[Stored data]
▼
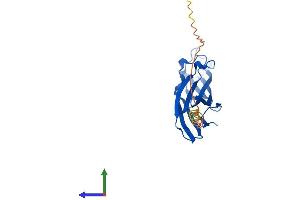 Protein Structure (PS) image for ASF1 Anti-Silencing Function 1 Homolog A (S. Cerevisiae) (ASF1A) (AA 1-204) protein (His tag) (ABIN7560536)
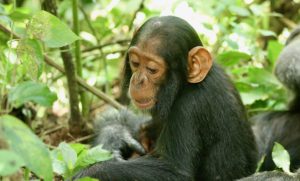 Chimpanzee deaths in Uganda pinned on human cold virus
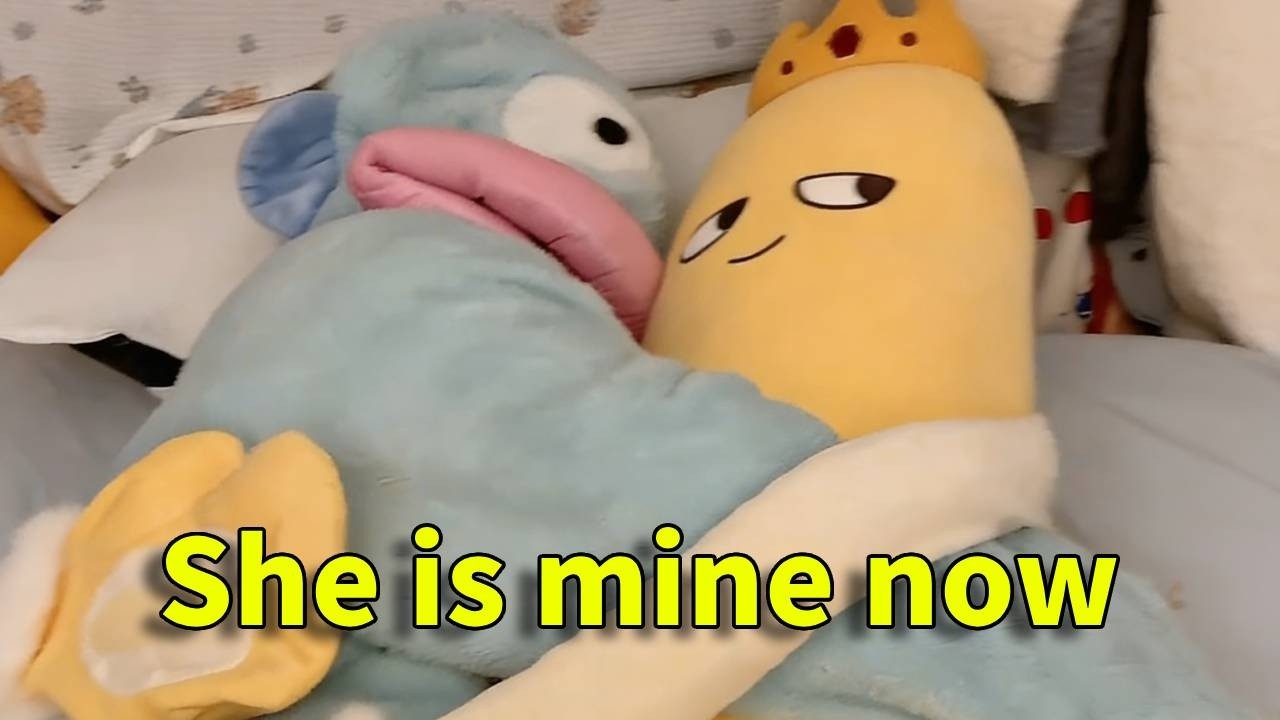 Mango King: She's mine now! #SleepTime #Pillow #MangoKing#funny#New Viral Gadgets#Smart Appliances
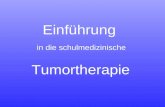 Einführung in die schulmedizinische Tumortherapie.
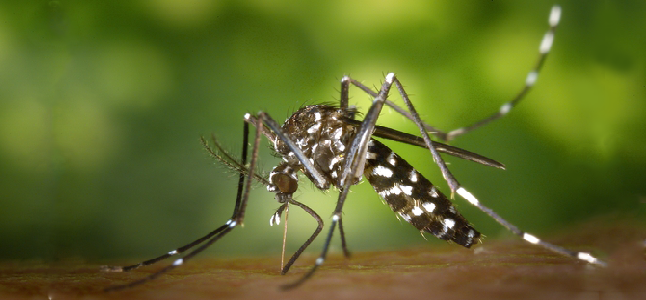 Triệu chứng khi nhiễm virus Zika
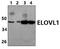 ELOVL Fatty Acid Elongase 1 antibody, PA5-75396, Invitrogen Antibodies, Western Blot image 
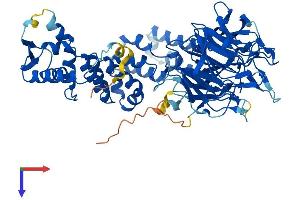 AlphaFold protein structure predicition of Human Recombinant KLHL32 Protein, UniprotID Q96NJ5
▲
▼
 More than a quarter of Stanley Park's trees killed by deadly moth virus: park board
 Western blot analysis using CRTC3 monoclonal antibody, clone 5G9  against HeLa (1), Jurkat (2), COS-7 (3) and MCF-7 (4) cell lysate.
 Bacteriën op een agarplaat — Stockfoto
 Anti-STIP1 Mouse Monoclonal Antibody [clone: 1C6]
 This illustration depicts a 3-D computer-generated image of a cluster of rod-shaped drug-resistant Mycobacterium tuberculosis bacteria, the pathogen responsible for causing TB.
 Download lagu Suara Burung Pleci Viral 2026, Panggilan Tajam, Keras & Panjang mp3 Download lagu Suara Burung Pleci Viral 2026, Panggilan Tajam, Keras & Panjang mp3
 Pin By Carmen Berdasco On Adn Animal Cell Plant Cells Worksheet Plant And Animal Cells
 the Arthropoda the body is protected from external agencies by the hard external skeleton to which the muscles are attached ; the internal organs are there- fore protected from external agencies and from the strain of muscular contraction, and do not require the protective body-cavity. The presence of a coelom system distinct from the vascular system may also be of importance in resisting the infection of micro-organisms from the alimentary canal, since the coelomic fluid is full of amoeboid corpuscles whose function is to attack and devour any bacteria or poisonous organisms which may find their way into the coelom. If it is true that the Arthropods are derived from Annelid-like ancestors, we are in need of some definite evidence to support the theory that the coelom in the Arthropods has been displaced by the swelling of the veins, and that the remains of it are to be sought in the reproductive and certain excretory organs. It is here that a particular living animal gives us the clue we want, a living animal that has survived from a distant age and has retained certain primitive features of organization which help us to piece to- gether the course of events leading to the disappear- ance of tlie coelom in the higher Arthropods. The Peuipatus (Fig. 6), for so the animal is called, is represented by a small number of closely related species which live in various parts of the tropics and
▲
## Description of the task:
Using the data above, give again exactly the lines starting at the one holding "Protein Structure (PS)" and ending at the one holding "AlphaFold protein structure", inclusive, and nothing more. Omit the pictures.

## Solved exercise:
 Protein Structure (PS) image for ASF1 Anti-Silencing Function 1 Homolog A (S. Cerevisiae) (ASF1A) (AA 1-204) protein (His tag) (ABIN7560536)
 Chimpanzee deaths in Uganda pinned on human cold virus
 Mango King: She's mine now! #SleepTime #Pillow #MangoKing#funny#New Viral Gadgets#Smart Appliances
 Einführung in die schulmedizinische Tumortherapie.
 Triệu chứng khi nhiễm virus Zika
 ELOVL Fatty Acid Elongase 1 antibody, PA5-75396, Invitrogen Antibodies, Western Blot image 
 AlphaFold protein structure predicition of Human Recombinant KLHL32 Protein, UniprotID Q96NJ5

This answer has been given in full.